My own experience in this world causes me to reject the opening of Andrew Sullivan’s endorsement of Obama, but I am foursquare behind much that follows, especially his closing:

I had almost given up hope, and he helped restore it. That is what is stirring out there; and although you are welcome to mock me for it, I remain unashamed. As someone once said, in the unlikely story of America, there is never anything false about hope. Obama, moreover, seems to bring out the best in people, and the calmest, and the sanest. He seems to me to have a blend of Midwestern good sense, an intuitive understanding of the developing world that is as much our future now as theirs’, an analyst’s mind and a poet’s tongue. He is human. He is flawed. He will make mistakes. His passivity and ambiguity are sometimes weaknesses as well as strengths.
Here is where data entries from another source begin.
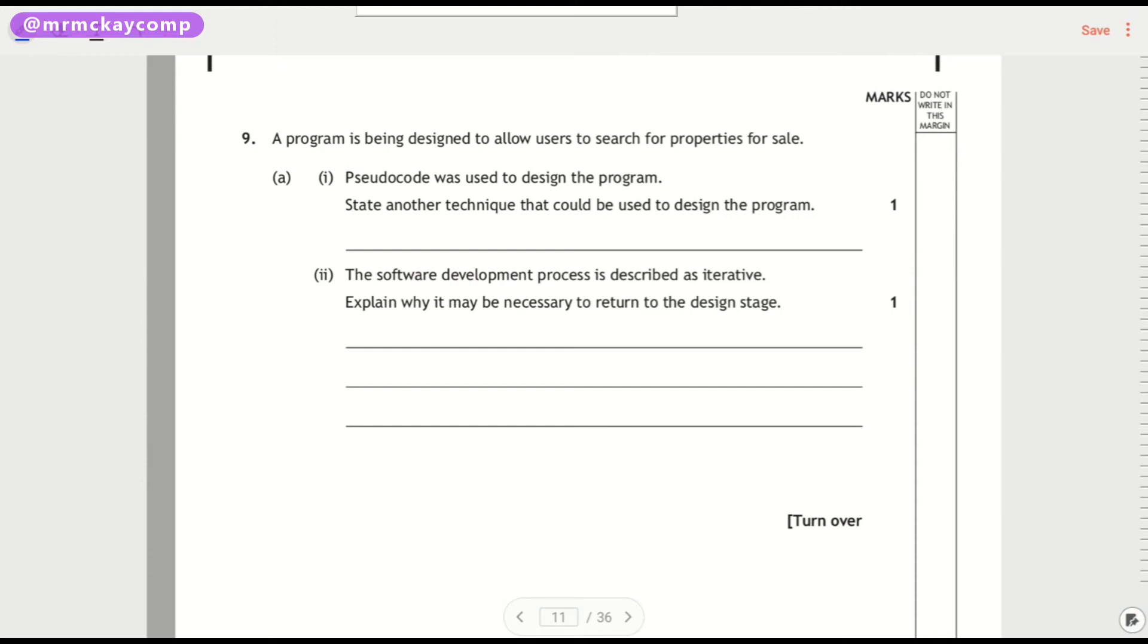So I'm going to do one of the other extended response questions. I've got question 9 and this is all we're getting at the start. There isn't a description or something on the page before. So a program has been designed to allow users to search for properties for sale.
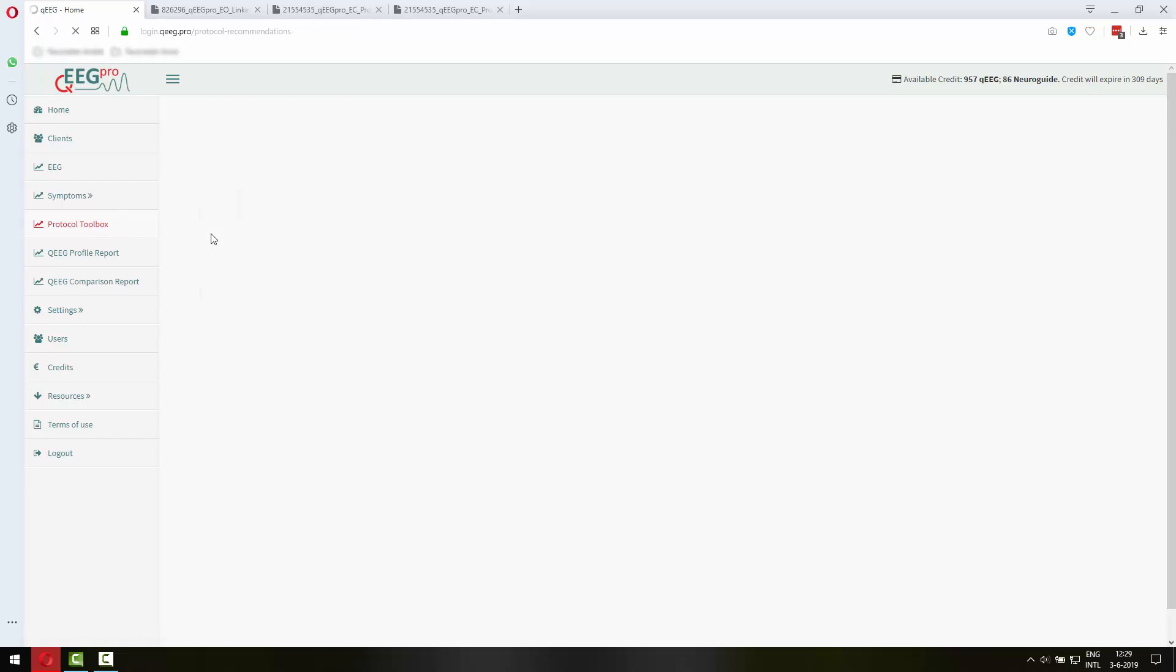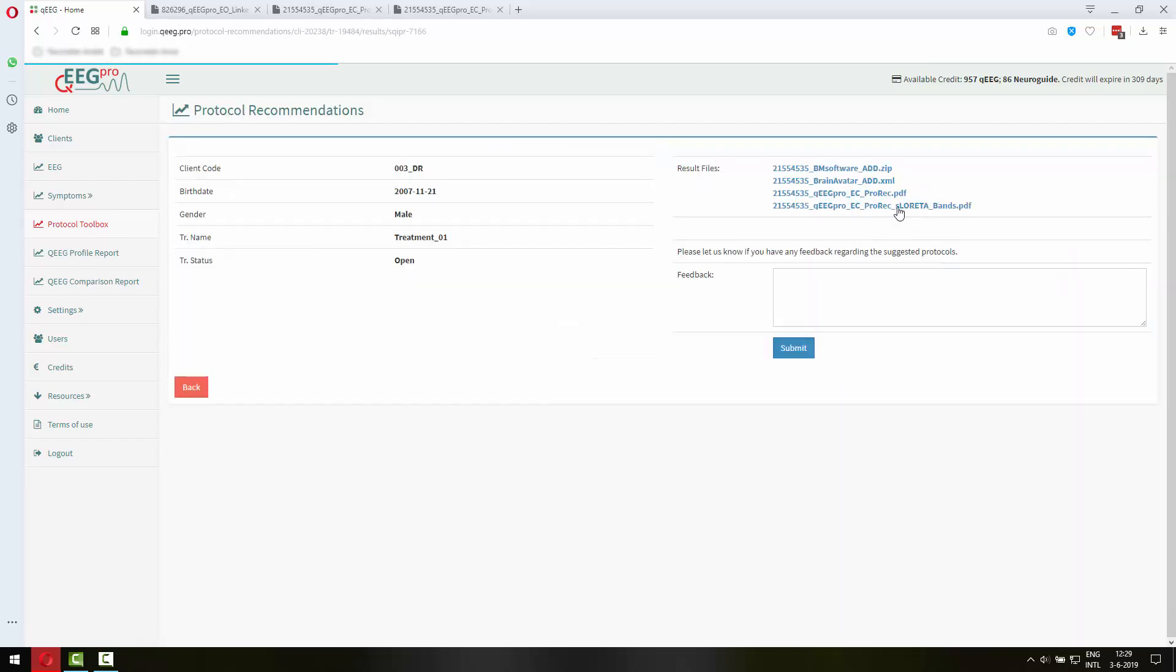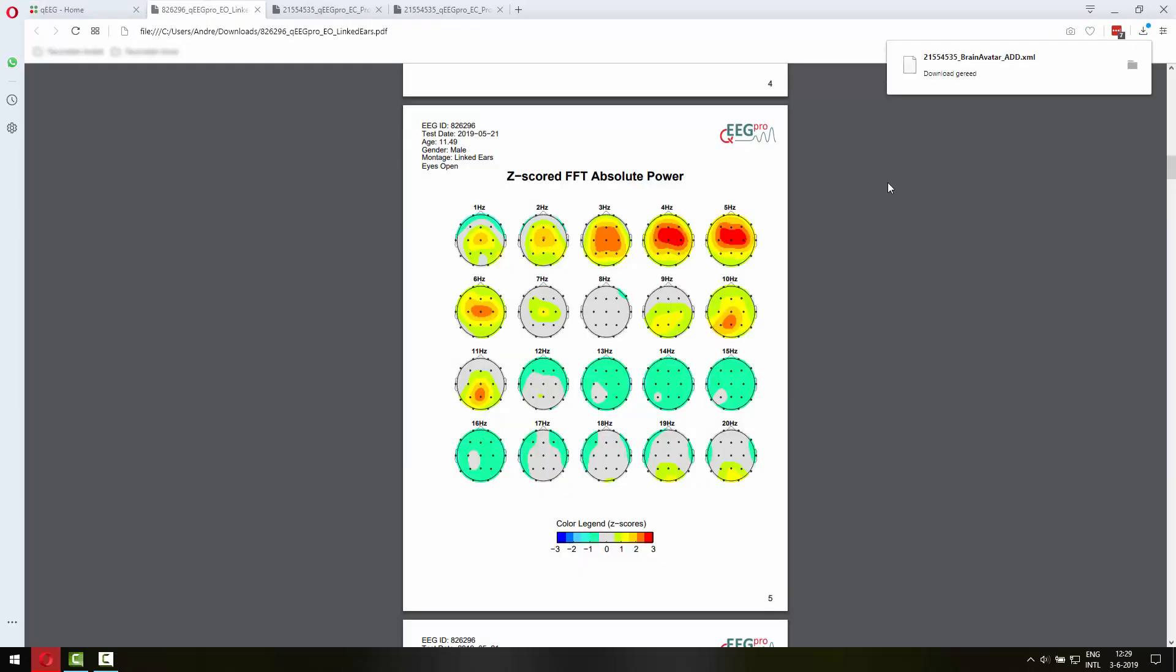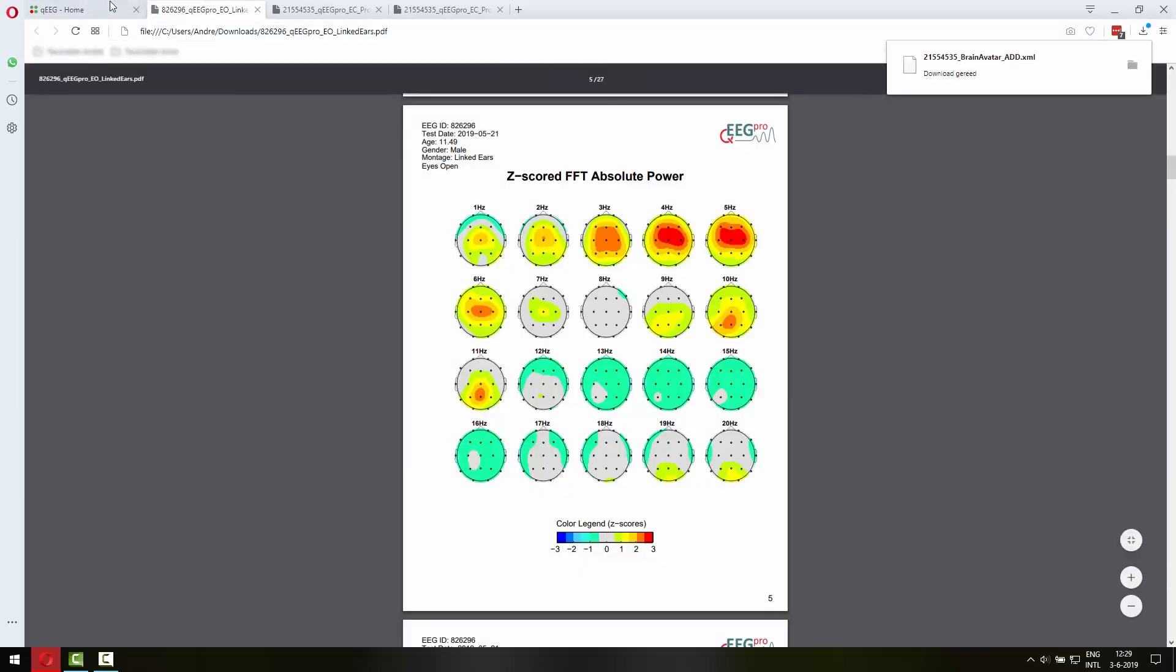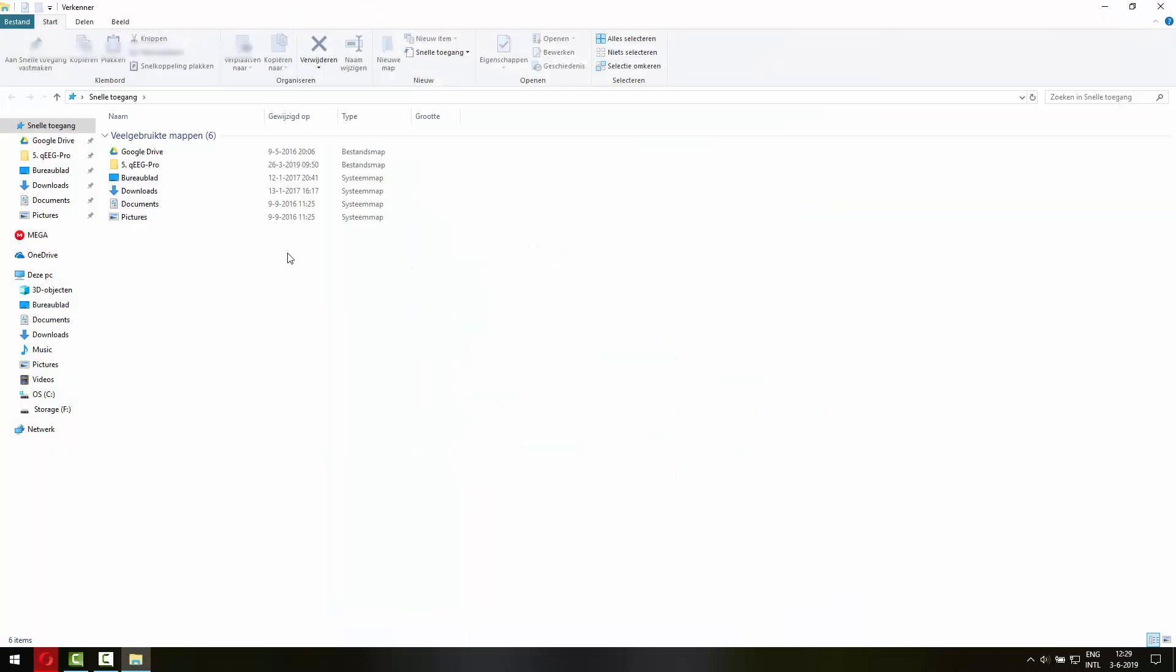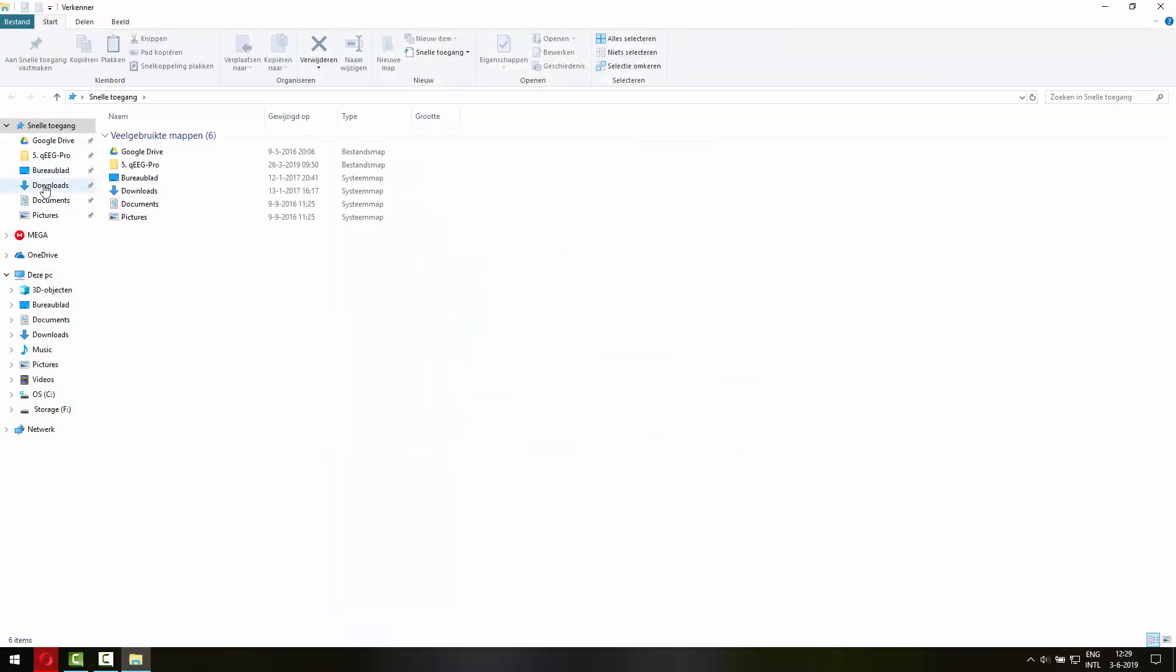Let's get back to the results here. So the XML file is for the Brain Avatar software for doing sLoretta live Z-score training and the .zip file is for the classic neurofeedback software, the 3.x software from Brain Master. So let's download them both. Let's go to the download folder. And here you can see the reports and the two files that I just downloaded, the settings files.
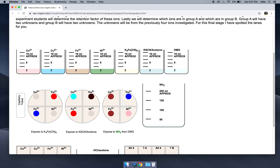Next, your lab manual asks what is the best developing reagent for a given ion. Let's take a look at nickel first. There's nothing here for nickel, nothing here for nickel, but nickel turns pink with DMG. So it looks like DMG is the best developing reagent to show nickel. Let's use DMG for nickel and write that down.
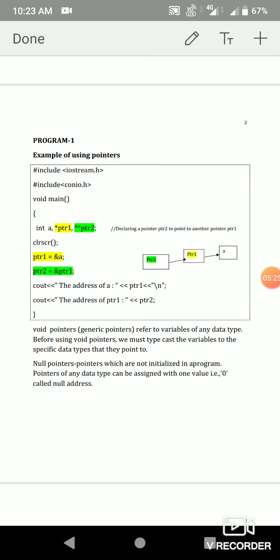Now the next declaration: `int **ptr2`. Two asterisk symbols — what does that mean? It is a pointer to a pointer variable. `int **ptr2` means ptr2 is a pointer variable which points to a pointer variable, which in turn points to an integer variable.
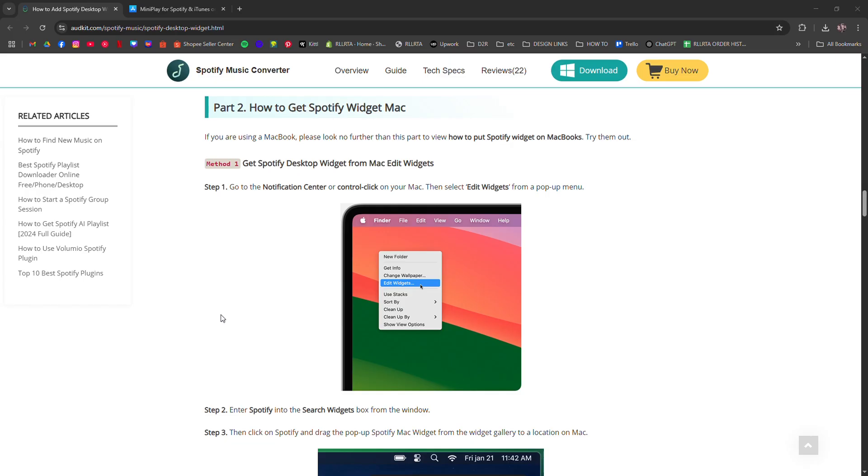First, if you're using macOS Sonoma or later, you can add iPhone style widgets to your desktop.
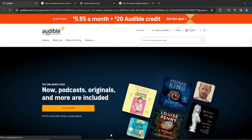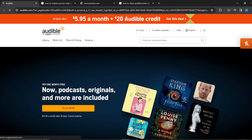Hello, in this tutorial I'll show you how to add a credit card to your Audible account. It's very simple. First thing, launch a browser of your choice. In the search bar at the top of your screen, type audible.com and that's going to take you to the official website for Audible.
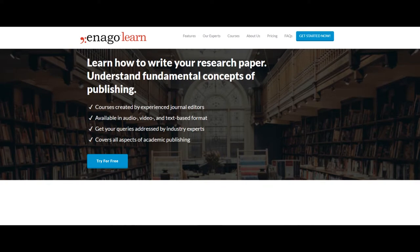In the day and age of publish or perish, researchers are looking for various training opportunities that will help ensure continuous improvement in their knowledge and expertise. Based on the experience of working with ESL researchers for more than 10 years, Enago conceptualized the idea of EnagoLearn.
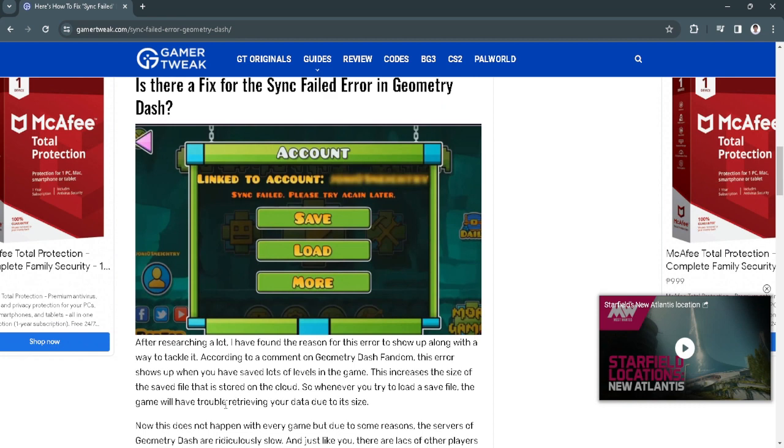Also, a known fix is just to try and load your save file. Just try doing it seven to eight times and hopefully you'll load into your game.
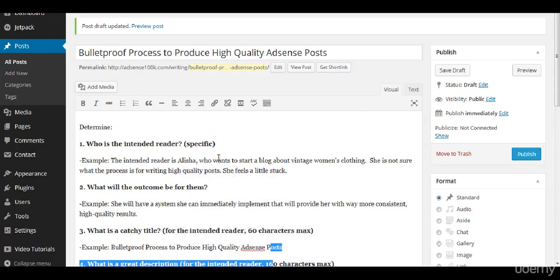Here's how to write your AdSense articles. Whether you're writing these articles yourself or you're hiring them out, you still need to create a system. If you don't have a system, your results will vary a lot. You'll have some good articles and some really low quality articles and your results will be all over the place.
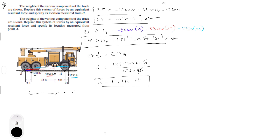The moment is negative, and assuming counterclockwise is positive, therefore the force acts to the right with respect to B. So the resultant is to the right of point B, which is obvious in this problem — it's 13.744 feet from B.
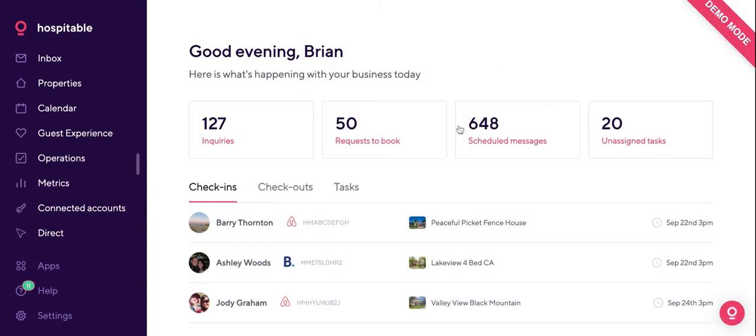Hi there, Vera here from Hospitable. I'm here with you today to show you a demo of our system. Essentially, it's going to be an overview of all the features we have to offer and a nice little insight on how you can automate and make renting and short-term rentals completely trivial. So without much further ado, let's get right into it.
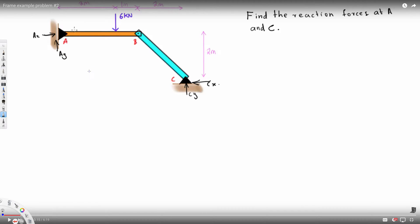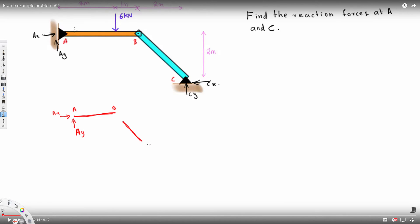Let's look at what we can do with the whole picture. We have two unknowns at A and two unknowns at C. If I take a moment around any point, I still have two unknowns, so I can't solve it directly. Let's separate this frame into parts — member AB alone and member BC alone. At A we have forces Ax and Ay, and at C we have Cx and Cy.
But there is something about his rise that is also supremely American, a reminder of why so many of us love this country so passionately and are filled with such grief at what has been done to it and in its name. I endorse Barack Obama because I will not give up on America, because I believe in America, and in her constitution and decency and character and strength.

I had hoped, at some point in these closing campaign days, to write up and explain my transition from Obama-skeptic and Hillary-voter in the primary to a full and genuine supporter of Barack Obama.  But here we are, and I need to get on the road so I can go put in some final hours for the Obama campaign.  Actions will have to substitute for words, at the moment.  I’m okay with that.